Monday, December 04, 2006

Logs In An (aging) Person's Eyes

I'm afraid I'm getting old. Very, very old. I'm also afraid that the wisdom that SHOULD go with such age is not occuring. For instance, I'm a little slow to get out of bed in the morning. I'm starting to remember to take my vitamins and I seem to be developing and affinity for hot herbal tea. Coffee is a daily occurance, and I wear "practical" shoes (about 50% of the time.) All of these seem to point to a wiser, older me.

But there's one thing that I'm not incredibly stellar at: Holding my tongue. Granted, I'm getting better. MUCH better. I don't blurt out secrets, the details that friends share in confidence I don't tell the entire world. But I've noticed a horrible thing-

I think I'm a mean person.

I think I say things that I shouldn't.

Maybe not to the person's face, but occasionally behind their backs. Is it anything incredibly harmful, no, probably not. Yet at the same time, is it edifying, useful, or desirable? I'm afraid that quite a few of my remarks are tinged with cattiness.

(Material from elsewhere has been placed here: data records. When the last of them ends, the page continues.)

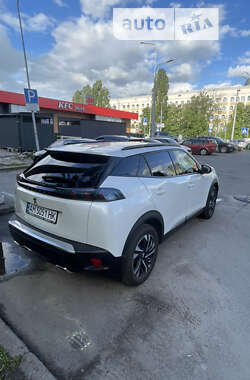 Внедорожник / Кроссовер Peugeot 2008 2020 в Киеве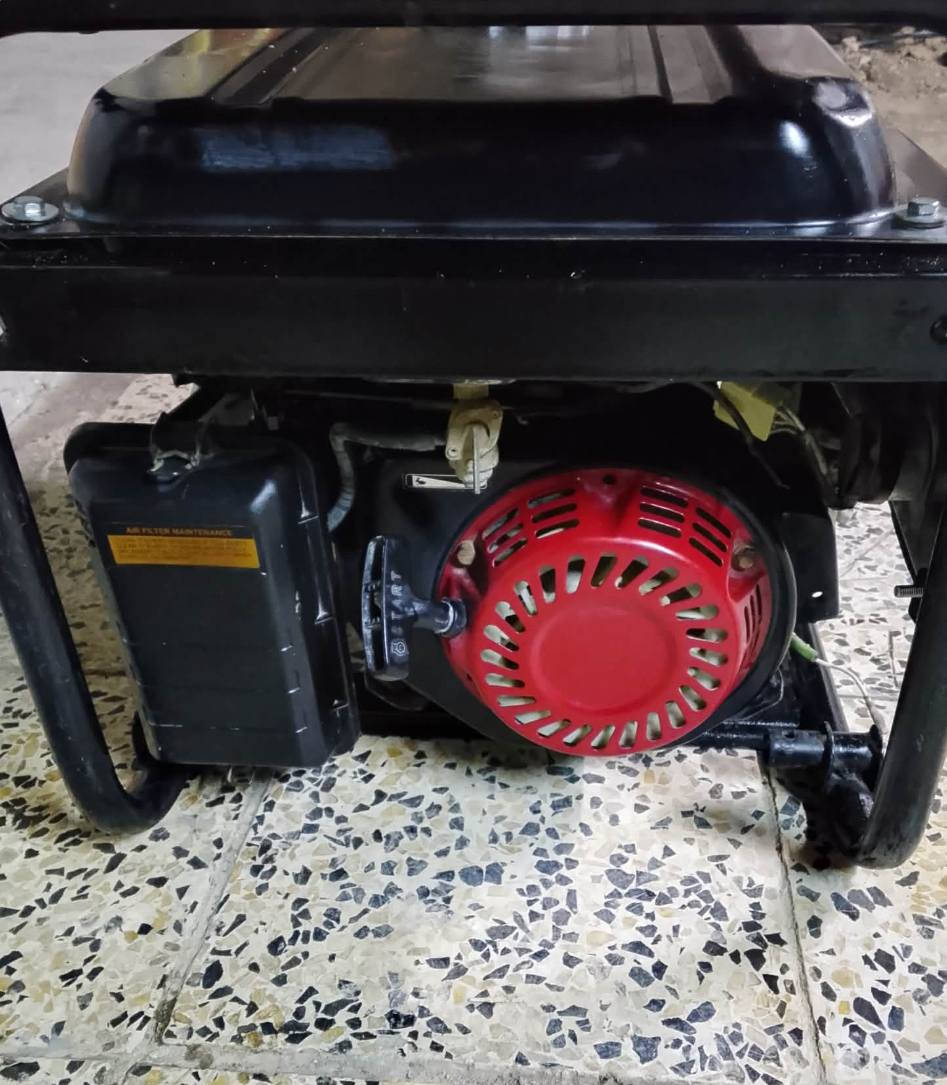 السلام عليكم مولده 10امبير سلف باتري مابيها نضافه 90بالميه شغاله شرط الفحص مكاني كربلاء حي العامل للاستفسار *********** متوفر واتساب كربلاء, العراق
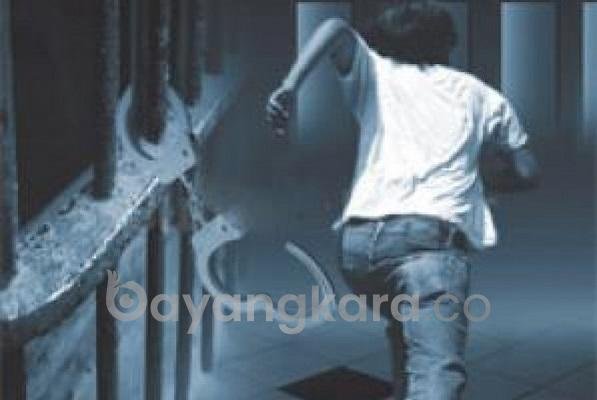 SEROANG NAPI KABUR DARI LAPAS KO BISA?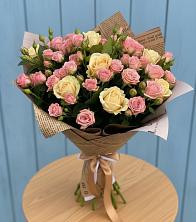 Букет цветов из:  Розы в Кургане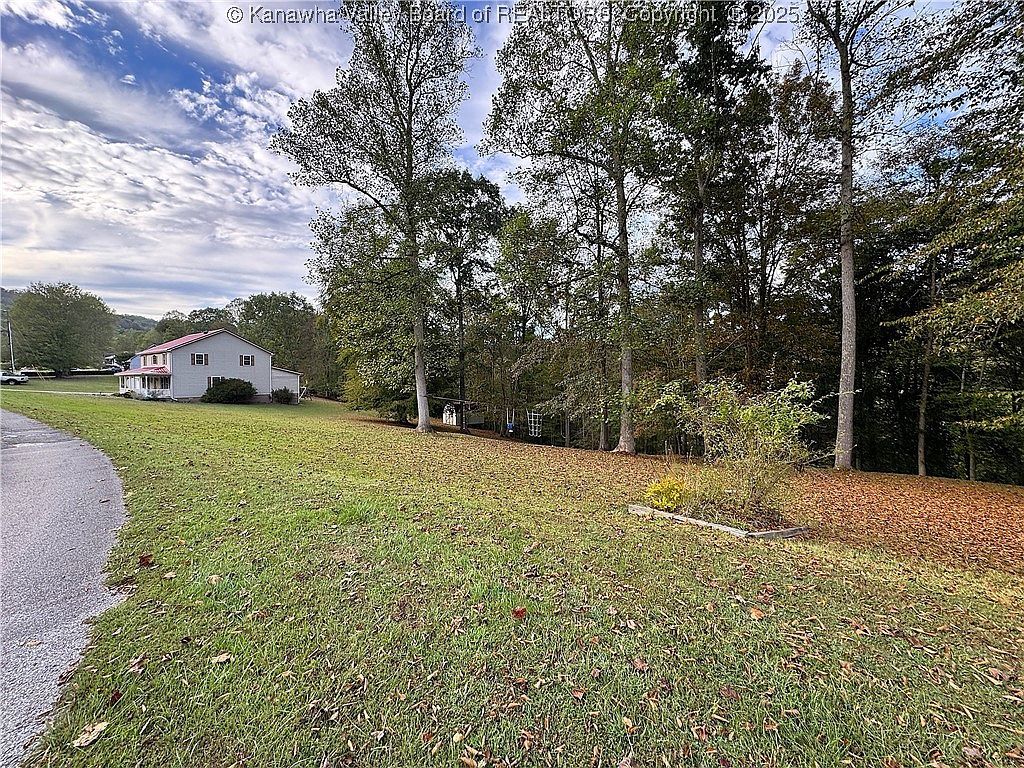 292 Winthrop Ln Clendenin, WV 25045 - Thumbnail 5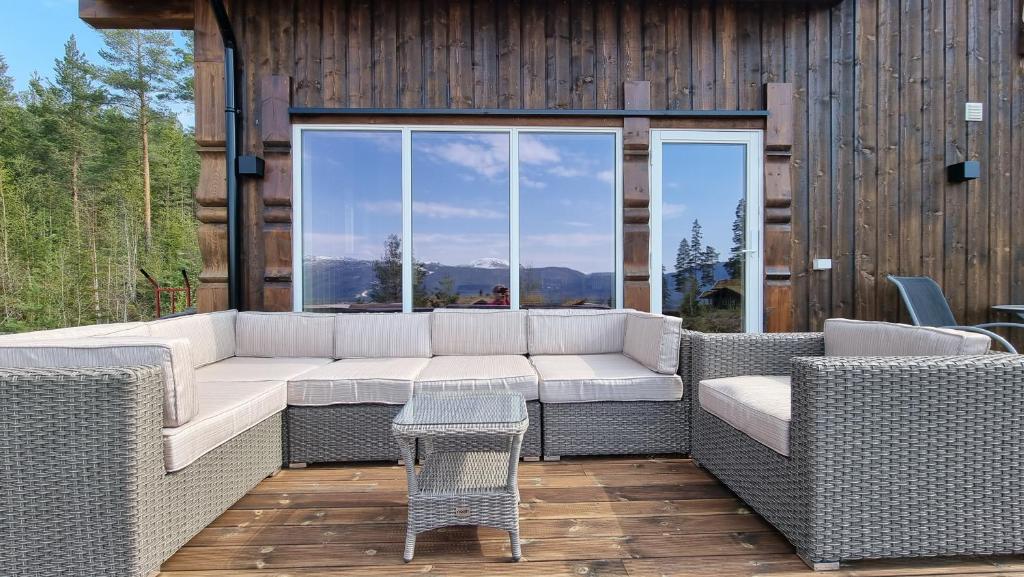 Holiday cabin in beautiful surroundings photo 3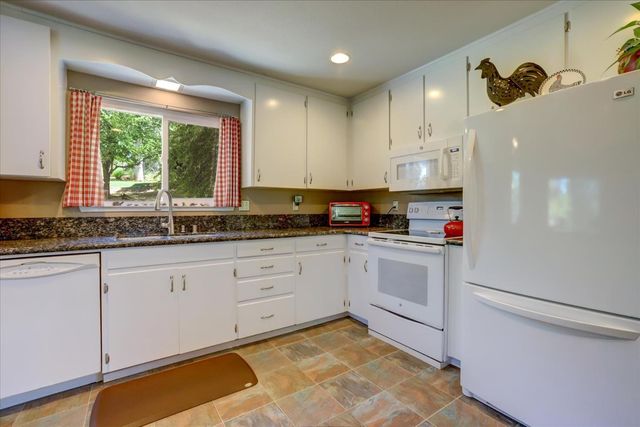 12922 Lakeshore, Auburn, CA 95602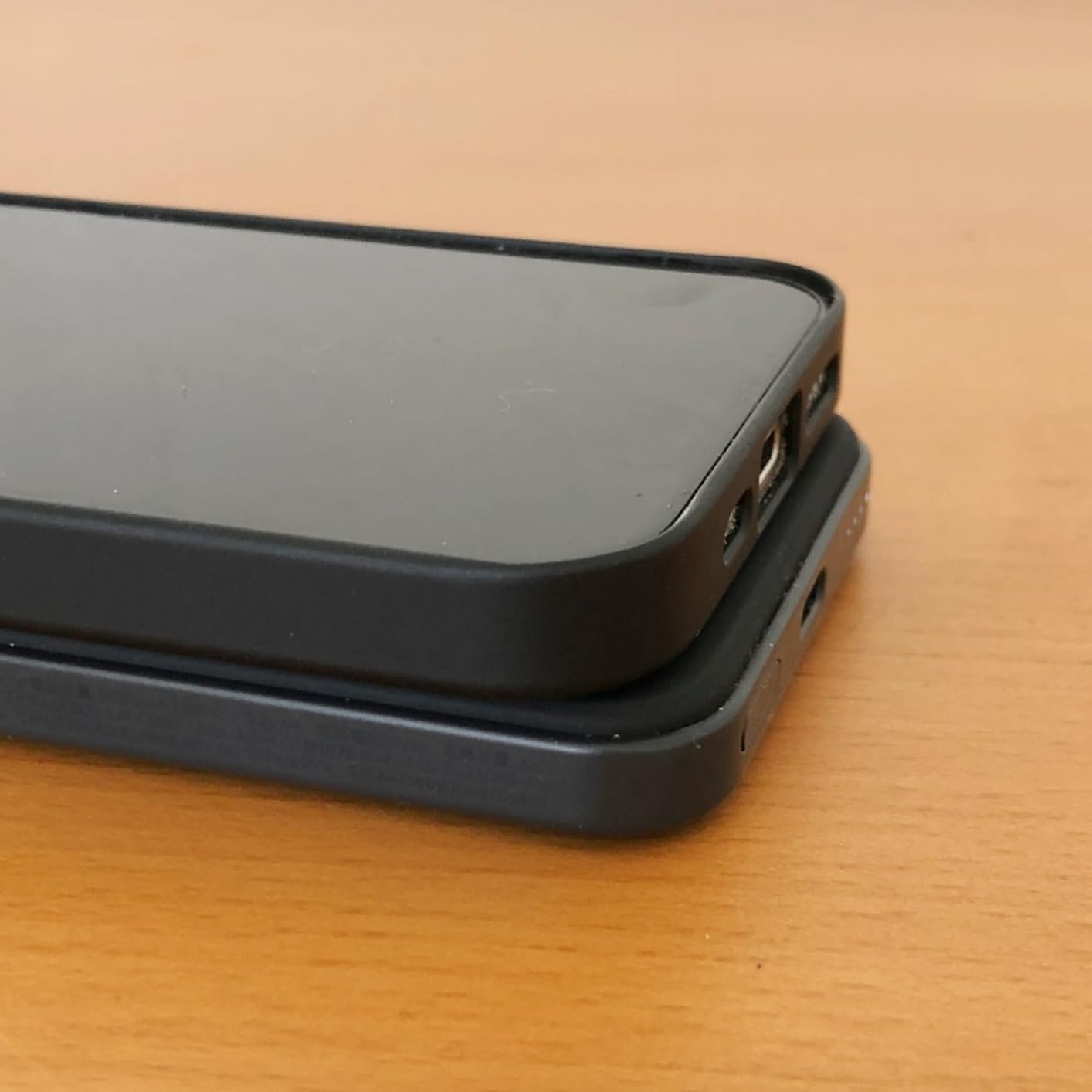 Anker 621 Magnetic Portable Charger (MagGo). 5.000mAh Wireless Power Bank with USB-C Cable. Magsafe-Compatible Battery Pack for iPhone 16/15/14/13/12 Series photo review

I guess what drew my attention to this was an e-mail I recently received. It contained this line, "This is what you are to say...." And I began to be a little ruffled. Who was this person to tell me what to say? Why on earth did they think that I couldn't communicate clearly and lovingly? After all, they themselves were not paragons of excellence in this way! Why would they be telling me this.

Then I had a horrible misfortune.

I remembered scripture. Yes, I know. And the horrible thing about that is that the Bible is one sure-fire way to be convicted. And I was.

For in the same way you judge others, you will be judged, and with the measure you use, it will be measured to you. Why do you look at the speck of sawdust in your brother's eye and pay no attention to the plank in your own eye? How can you say to your brother, 'Let me take the speck out of your eye,' when all the time there is a plank in your own eye? (Matt. 7:2-4)

I came to grips with the fact that I could not be upset at a person for their communication since I was hardly the one without sin and able to cast the first stone. After a rather intense, yet brief inner battle, I took a deep breath, thanked God for his abundant grace, through which I am able to grow to become more like Christ, and then proceeded to spend the rest of the day double-checking everything that came out of my mouth.

Surely my God is a great and loving sanctifier.